Gary Clark Jr. wasn’t present in 1619 when enslaved people met a horrifying destiny on the shores of Jamestown. He still hadn’t been born in 1865 when African-Americans in his own home state finally found freedom. But in 2018, supposedly hundreds of years removed from black oppression, Gary Clark Jr. still found himself at the mercy of a white man’s suspicion.
Born and raised in Central Texas, after traveling the world playing the blues, performing with the likes of Eric Clapton, Tom Petty, and the Rolling Stones, winning a Grammy, and undoubtedly earning millions, Gary decided to bring his family back home. He hadn’t grown up dirt poor in the middle of nowhere, but like every parent, he’d hoped to give his kids better, and on his newly-purchased 50 acres with a big house and a shiny vintage car, everything was going according to plan. Until a nosy white neighbor, obviously unaware of Gary’s daunting resume and without regard to Gary’s children present, insisted that all of this couldn’t belong to HIM.
That night in the recording booth, Gary forgot his fear of being stereotyped as an angry Black man, and unleashed his justifiable rage that after hundreds of years, after all of the money he’s made, after as hard as he’s worked for what’s his, that he’d still have someone question it, just because of the color of his skin, and “This Land” was born. “That’s what came out as a result of you know, life being black in this country, in this world, unfortunately,” he explained. The song is of course inspired by Woody Guthrie’s iconic folk protest, “This Land Is Your Land,” a tune that had evolved for Gary over the years. “I remember singing that song as a kid. I love the song and I love what it stands for, but I unfortunately don’t think we can all sing that song as a nation unified.”
The video opens with a little boy gazing out a car window at the passing countryside. It’s generic sleepy, Southern scenery in Elgin, TX, suddenly disrupted by three Confederate flags atop a mailbox. From there the video is one powerful, captivating scene after another – black children among a lynching tree, those same children unearthing arrowheads from beneath Confederate flags, a boy with the universe for a heart standing in shell casings, and a pervasive snake in the grass that eventually meets its doom.
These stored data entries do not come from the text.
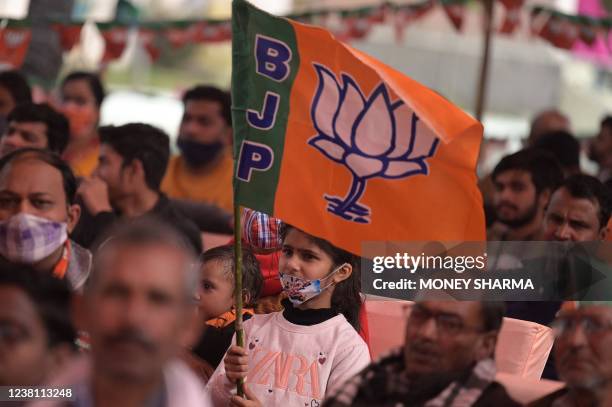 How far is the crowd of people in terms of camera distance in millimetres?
3205

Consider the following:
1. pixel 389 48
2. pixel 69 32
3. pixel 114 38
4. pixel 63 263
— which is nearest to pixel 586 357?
pixel 63 263

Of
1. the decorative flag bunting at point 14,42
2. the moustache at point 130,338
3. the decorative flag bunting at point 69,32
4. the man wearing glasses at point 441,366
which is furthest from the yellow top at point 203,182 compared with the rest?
the moustache at point 130,338

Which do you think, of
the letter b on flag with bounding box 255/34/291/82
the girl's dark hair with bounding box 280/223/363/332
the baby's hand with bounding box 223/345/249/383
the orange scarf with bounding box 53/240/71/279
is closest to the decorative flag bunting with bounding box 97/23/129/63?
the orange scarf with bounding box 53/240/71/279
All of this is only the backdrop through for the song’s furious, driving chorus based on words hurled at Gary when he grew up: “N***a, run, n***a, run / Go back where you come from,” quickly followed up by his answer – OUR ANSWER – that no one has a greater claim to this land than Native and African-Americans, and we’re still owed a promise made to us in 1776 that we intend to collect today.
𝗟𝗜𝗡𝗘𝗦 𝗧𝗢 𝗟𝗢𝗩𝗘:
“Well, f**k you, I’m America’s son
This is where I come from”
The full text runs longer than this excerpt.